The downside of using a streaming_iterator::StreamingIterator seems to be that the API is not compatible to an Iterator.

As for my current problem, I have an Arc<Vec<String>> and would like to get an iterator that yields &str, so I can avoid cloning the Strings.

This is what I do now:

use std::sync::Arc;

pub struct StrIterOwner(Arc<Vec<String>>);

impl<'a> IntoIterator for &'a StrIterOwner {
    type Item = &'a str;
    type IntoIter = StrIter<'a>;
    fn into_iter(self) -> Self::IntoIter {
        StrIter {
            vec: &self.0,
            idx: 0,
        }
    }
}

pub struct StrIter<'a> {
    vec: &'a Arc<Vec<String>>,
    idx: usize,
}

impl<'a> Iterator for StrIter<'a> {
    type Item = &'a str;
    fn next(&mut self) -> Option<Self::Item> {
        if self.idx < self.vec.len() {
            let result = Some(&*self.vec[self.idx]);
            self.idx += 1;
            result
        } else {
            None
        }
    }
}

fn main() {
    let arc = Arc::new(vec!["Hello".to_string(), "World".to_string()]);
    let iter_owner = StrIterOwner(arc.clone());
    for item in iter_owner.into_iter() {
        println!("{}", item);
    }
    for item in iter_owner.into_iter() {
        println!("{}", item);
    }
}

(Playground)

Output:

Hello
World
Hello
World

My solution isn't generic (it's specific to String/str), but it seems to work as I want. It doesn't even require GATs. Is there any better way to do it that's more idiomatic. One downside is that I had to implement Iterator::next on my own, and my implementation isn't double ended.

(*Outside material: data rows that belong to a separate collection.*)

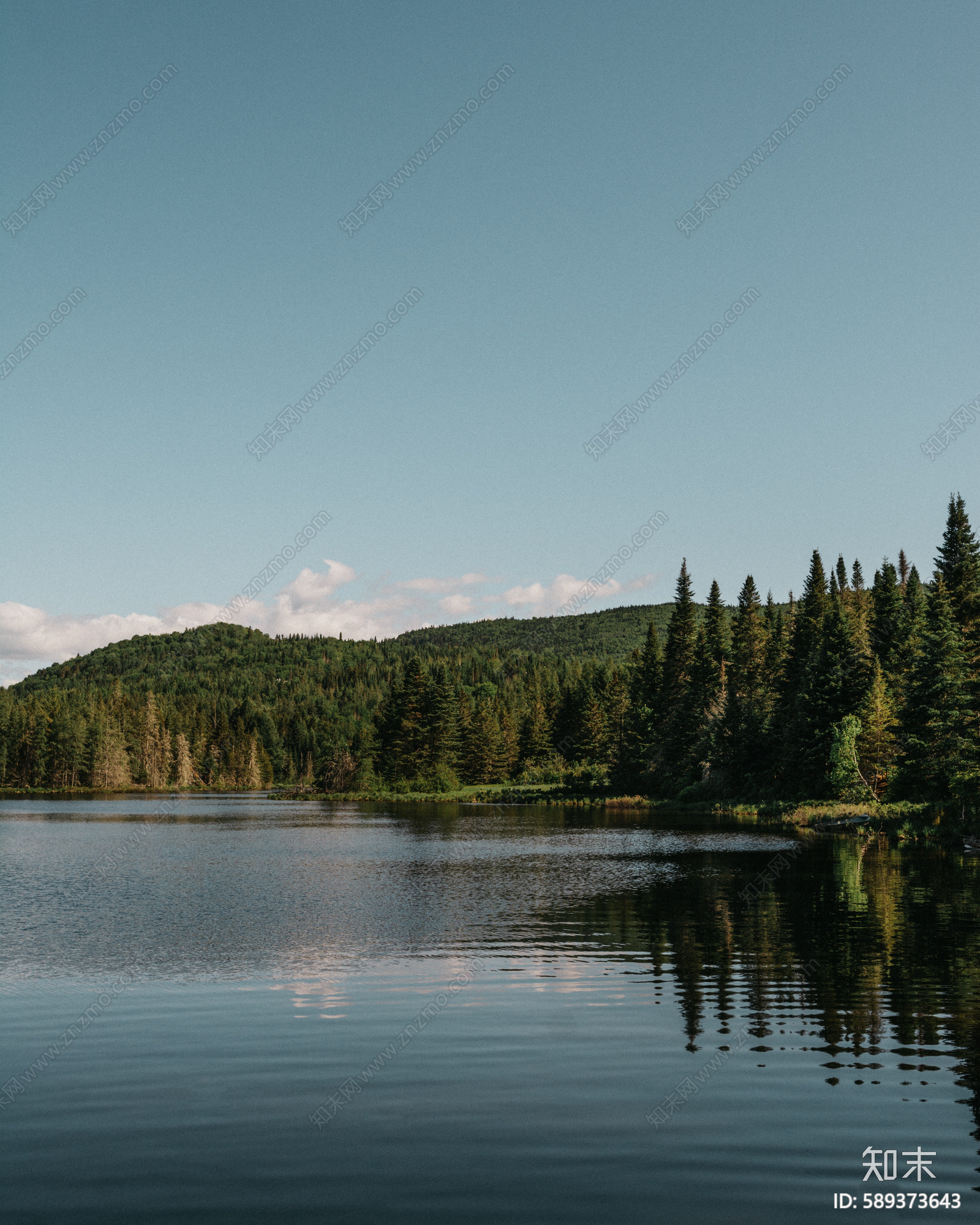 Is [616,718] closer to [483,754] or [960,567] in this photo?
[483,754]

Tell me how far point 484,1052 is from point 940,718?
48.7 meters

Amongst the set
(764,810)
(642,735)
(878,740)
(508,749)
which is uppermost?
(642,735)

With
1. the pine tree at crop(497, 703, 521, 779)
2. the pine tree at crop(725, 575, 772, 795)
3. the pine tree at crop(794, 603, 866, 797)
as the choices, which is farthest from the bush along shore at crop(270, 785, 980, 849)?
the pine tree at crop(497, 703, 521, 779)

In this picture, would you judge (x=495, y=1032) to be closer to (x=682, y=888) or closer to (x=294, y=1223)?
(x=294, y=1223)

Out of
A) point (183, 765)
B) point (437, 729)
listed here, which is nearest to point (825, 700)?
point (437, 729)

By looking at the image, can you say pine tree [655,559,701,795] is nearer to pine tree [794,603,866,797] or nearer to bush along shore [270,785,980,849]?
bush along shore [270,785,980,849]

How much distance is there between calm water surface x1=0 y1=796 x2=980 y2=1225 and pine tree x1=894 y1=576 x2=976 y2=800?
18.4 meters

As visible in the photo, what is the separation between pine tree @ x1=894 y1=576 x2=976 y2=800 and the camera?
5291cm

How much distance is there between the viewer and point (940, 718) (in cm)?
5594

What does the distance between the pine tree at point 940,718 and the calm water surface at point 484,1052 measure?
18.4 metres

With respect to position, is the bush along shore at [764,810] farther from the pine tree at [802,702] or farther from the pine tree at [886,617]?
the pine tree at [886,617]

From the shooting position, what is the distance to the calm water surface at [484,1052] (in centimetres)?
1035

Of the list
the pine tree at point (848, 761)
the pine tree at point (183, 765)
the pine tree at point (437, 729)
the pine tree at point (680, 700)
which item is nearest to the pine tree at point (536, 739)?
the pine tree at point (437, 729)

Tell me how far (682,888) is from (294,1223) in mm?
29442
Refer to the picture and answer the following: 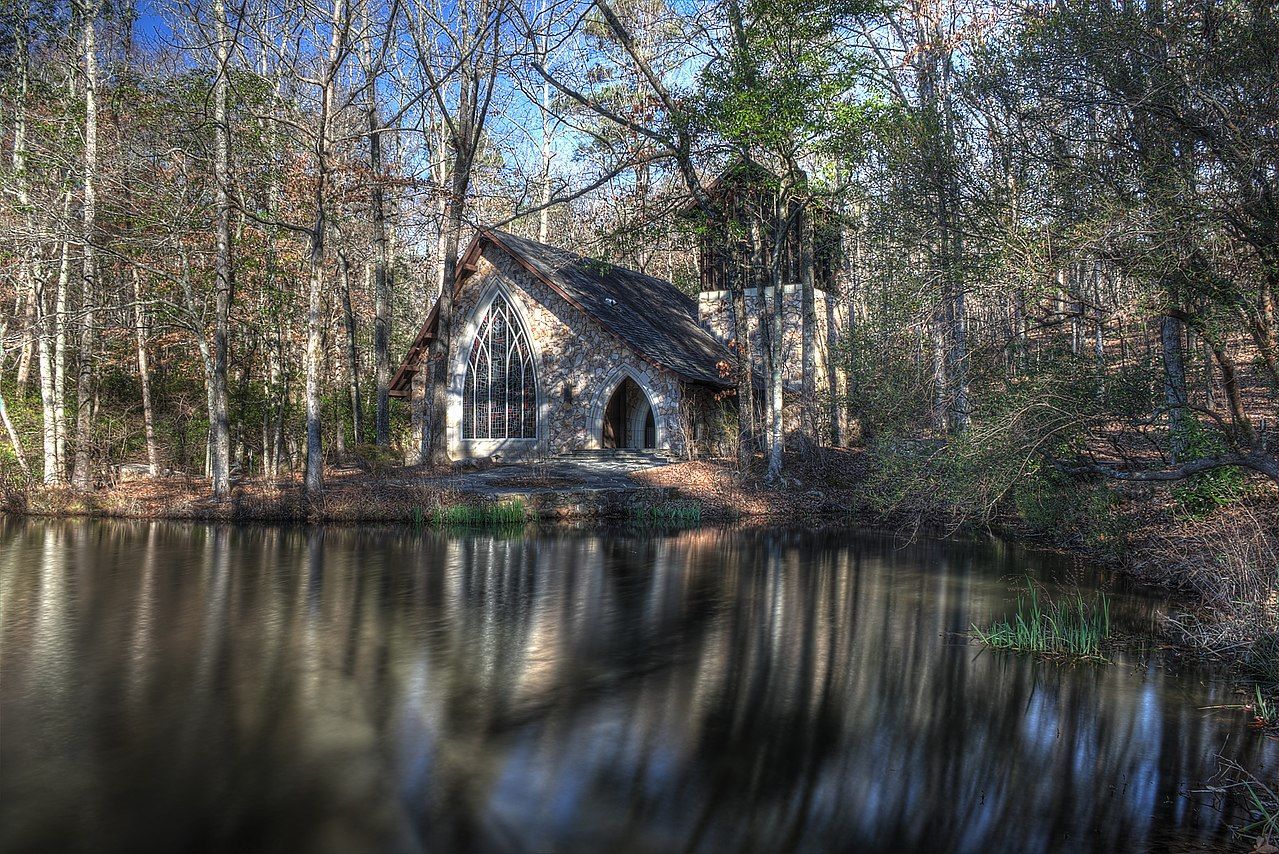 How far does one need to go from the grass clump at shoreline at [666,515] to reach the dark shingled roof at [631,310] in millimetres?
4816

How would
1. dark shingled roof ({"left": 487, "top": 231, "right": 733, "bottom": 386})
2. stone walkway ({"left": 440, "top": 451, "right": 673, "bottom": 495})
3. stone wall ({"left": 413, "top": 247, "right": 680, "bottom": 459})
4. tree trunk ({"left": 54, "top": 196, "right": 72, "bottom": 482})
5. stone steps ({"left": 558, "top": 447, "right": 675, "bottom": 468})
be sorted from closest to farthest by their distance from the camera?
tree trunk ({"left": 54, "top": 196, "right": 72, "bottom": 482}) → stone walkway ({"left": 440, "top": 451, "right": 673, "bottom": 495}) → stone steps ({"left": 558, "top": 447, "right": 675, "bottom": 468}) → dark shingled roof ({"left": 487, "top": 231, "right": 733, "bottom": 386}) → stone wall ({"left": 413, "top": 247, "right": 680, "bottom": 459})

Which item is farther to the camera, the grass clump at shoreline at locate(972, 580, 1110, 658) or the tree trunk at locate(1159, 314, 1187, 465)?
the tree trunk at locate(1159, 314, 1187, 465)

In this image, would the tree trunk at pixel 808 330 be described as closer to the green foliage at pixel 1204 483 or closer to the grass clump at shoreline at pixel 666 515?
the grass clump at shoreline at pixel 666 515

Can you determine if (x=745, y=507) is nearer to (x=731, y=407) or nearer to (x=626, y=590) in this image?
(x=731, y=407)

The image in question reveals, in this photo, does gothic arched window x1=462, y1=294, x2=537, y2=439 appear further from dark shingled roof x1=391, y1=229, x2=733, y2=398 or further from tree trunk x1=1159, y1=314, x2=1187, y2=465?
tree trunk x1=1159, y1=314, x2=1187, y2=465

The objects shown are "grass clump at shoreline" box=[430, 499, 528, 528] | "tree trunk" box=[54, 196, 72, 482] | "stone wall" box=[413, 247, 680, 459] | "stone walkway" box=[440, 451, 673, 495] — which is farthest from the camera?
"stone wall" box=[413, 247, 680, 459]

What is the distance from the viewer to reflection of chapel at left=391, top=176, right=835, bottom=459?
25.0m

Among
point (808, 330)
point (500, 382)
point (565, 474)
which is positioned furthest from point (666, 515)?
point (500, 382)

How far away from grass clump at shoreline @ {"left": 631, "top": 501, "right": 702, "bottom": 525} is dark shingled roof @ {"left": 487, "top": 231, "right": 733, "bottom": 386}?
4.82 m

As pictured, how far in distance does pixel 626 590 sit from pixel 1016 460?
589 cm

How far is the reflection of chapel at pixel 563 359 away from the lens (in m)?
25.0

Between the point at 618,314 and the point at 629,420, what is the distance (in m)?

What do other people do when wanting to iterate over values that can only be borrowed but not moved?

P.S.: Of course, I'd like to hear feedback on whether my solution above is a good thing to do or can be done better or should be done differently.

That’s not a setting where you need a streaming iterator, implementing IntoIter for a reference is the best solution here. The important feature of streaming/lending iterators is that only return short borrows on next, a requirement that’s most commonly important because you want to overwrite / re-use the same memory location between calls to next.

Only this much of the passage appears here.